It is important to note in these diagrams that perf(r) is modeled as sqrt(r). The single 256 resource unit core on the right really only achieves performance 16x that of the 256 single resource unit cores on the left. The total computing power of the 256 single resource unit cores is thus 16x higher than that of the single 256 resource unit core, however performance is limited by the parallelizability of the programs being modeled.

squidrice

The diagrams in this slide show the change of performance in terms of speedup, not latency. It is incorrect to say with a higher $r$, the red line drops because speedup is measured with respect to the speed of one single core. The absolute speed here is related to both speedup and single-core speed. Note that a higher $r$ actually improves the speed of one core. Thus, it may not be very obvious without a derivation (I hope I made it correct).

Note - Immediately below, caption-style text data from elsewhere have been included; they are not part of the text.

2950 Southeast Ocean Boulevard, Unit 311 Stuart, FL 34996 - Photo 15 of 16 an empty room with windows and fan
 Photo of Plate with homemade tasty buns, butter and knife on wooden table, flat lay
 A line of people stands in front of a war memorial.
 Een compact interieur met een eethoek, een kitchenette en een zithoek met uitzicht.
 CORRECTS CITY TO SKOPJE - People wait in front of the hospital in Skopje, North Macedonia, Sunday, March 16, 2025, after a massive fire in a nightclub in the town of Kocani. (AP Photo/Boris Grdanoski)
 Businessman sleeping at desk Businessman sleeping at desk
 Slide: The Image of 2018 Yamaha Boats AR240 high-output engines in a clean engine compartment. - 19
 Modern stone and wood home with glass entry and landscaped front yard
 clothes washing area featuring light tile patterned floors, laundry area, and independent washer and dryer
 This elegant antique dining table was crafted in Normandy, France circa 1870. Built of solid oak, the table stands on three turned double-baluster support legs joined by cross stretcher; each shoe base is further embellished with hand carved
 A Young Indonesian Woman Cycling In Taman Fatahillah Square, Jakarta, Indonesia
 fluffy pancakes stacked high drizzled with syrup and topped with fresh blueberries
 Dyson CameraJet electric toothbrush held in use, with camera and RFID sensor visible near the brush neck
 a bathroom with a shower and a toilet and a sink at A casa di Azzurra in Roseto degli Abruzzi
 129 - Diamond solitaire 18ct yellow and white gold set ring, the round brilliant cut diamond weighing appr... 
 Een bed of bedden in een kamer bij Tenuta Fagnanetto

Let $perf(r)$ defined as $ \sqrt{r} $.

$$ speedup(f, n, r) = \frac{1}{\frac{1 - f}{\sqrt{r}} + \frac{f\sqrt{r}}{n}}. $$

Thus, the absolute speed could be expressed as

$$ speed(f, n, r) = speedup(f, n, r) \times perf(r) = \frac{nr}{(1 - f)n + fr}. $$

Take derivative in terms of $r$.

$$ speed(f, n, r)' = \frac{n^2(1 - f)}{((1 - f)n + fr)^2} > 0. $$

Note that this derivative is greater than zero but decreasing when $r$ increases. Therefore, we get better speed with larger $r$, but the difference between multiple threads and a single thread becomes less remarkable.

Dave

You would expect relative speedup to increase with fewer, "fatter" cores when less of the code is parallelizable (blue line) because the resources can then be put toward things like dedicated instruction hardware and branch predictors that enhance single-threaded performance.